Your spreadsheet is a good idea. We can quibble on the content but first, unprotect it!. When I tried to enter data I get, "You are trying to edit a protected cell or object. Please contact the spreadsheet owner to remove protection if you need to edit."


----------



## wb6vpm (Mar 27, 2016)

bsliv said:


> Your spreadsheet is a good idea. We can quibble on the content but first, unprotect it!. When I tried to enter data I get, "You are trying to edit a protected cell or object. Please contact the spreadsheet owner to remove protection if you need to edit."


I went ahead and just made a Google form.

https://goo.gl/forms/M373J2MotFwgUi4K2

Results from form:
https://docs.google.com/spreadsheets/d/1N1R1YS2oIc49OiwyriAV4znY8NeVAlAc_rQjSdC4yqI/


----------



## Davestave (Nov 12, 2017)

bsliv said:


> Frustrated said, "how about this how much you average??? Me 1500 Honda Accord oil changes and 2 tires and I feeds my family well"
> 
> You don't know how much you profit. You know how much you gross. Its a short sighted approach. It takes more than oil changes and 2 tires to keep that Accord running. What happens when the other 2 tires blow? What happens when the ****** won't engage? What happens when the water/fuel/oil pump goes out? You may not realize it until you try to sell it or repair it, but the costs are there and should be calculated.
> 
> ...


So you refuse to drive for 18 months but you feel your voice is needed? Sounds like you need a hobby, try model airplanes... or maybe meet a girl. If I'm still trolling uber 18 months after I quit driving someone plz point this out to me


----------



## bsliv (Mar 1, 2016)

Davestave said:


> So you refuse to drive for 18 months but you feel your voice is needed? Sounds like you need a hobby, try model airplanes... or maybe meet a girl. If I'm still trolling uber 18 months after I quit driving someone plz point this out to me


I average 10 - 20 hours per week at my main job. Some weeks I may work 50 hours, other I may work 0 hours. I have a car that get 40 mpg. What other job than rideshare would fit my schedule? I've lived in the same town 35 years, I know the streets. I enjoyed driving. I would drive again but the rates are just too pathetic.

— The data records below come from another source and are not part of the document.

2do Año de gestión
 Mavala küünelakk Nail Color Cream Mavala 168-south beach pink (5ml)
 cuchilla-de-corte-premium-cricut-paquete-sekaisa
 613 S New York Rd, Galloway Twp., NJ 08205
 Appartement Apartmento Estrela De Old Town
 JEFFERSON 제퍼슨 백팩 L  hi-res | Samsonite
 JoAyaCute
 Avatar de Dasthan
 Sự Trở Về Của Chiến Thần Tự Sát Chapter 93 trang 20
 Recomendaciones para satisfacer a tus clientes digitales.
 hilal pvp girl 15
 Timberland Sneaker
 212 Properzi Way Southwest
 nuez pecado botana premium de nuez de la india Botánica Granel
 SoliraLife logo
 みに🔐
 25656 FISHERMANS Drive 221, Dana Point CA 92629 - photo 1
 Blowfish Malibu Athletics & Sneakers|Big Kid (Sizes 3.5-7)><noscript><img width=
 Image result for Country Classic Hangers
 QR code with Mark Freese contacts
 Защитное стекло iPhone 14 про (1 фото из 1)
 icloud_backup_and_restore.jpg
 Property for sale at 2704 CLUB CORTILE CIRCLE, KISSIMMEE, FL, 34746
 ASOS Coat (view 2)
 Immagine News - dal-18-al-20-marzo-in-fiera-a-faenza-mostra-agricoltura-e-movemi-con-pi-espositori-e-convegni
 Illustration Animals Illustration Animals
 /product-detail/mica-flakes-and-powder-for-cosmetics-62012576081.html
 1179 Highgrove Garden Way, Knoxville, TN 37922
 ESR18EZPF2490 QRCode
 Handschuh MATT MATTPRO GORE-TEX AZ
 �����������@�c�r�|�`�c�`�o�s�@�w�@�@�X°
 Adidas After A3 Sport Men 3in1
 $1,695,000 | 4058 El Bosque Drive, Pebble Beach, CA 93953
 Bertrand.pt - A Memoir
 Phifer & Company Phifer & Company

For your information, I have 8 airplanes hanging from my ceiling. The largest has a 6' wingspan. And they all fly via radio control. I have parts for another 10, I think. I have a gun safe as big as most refrigerators. I have a progressive reloading press. I have 2 boat, 2 cars and live alone. The only trolling I do is in a boat.

Judging by the incredible amount of ignorance I find on this forum, yes, I believe a realistic voice is needed. I'm willing to do my part.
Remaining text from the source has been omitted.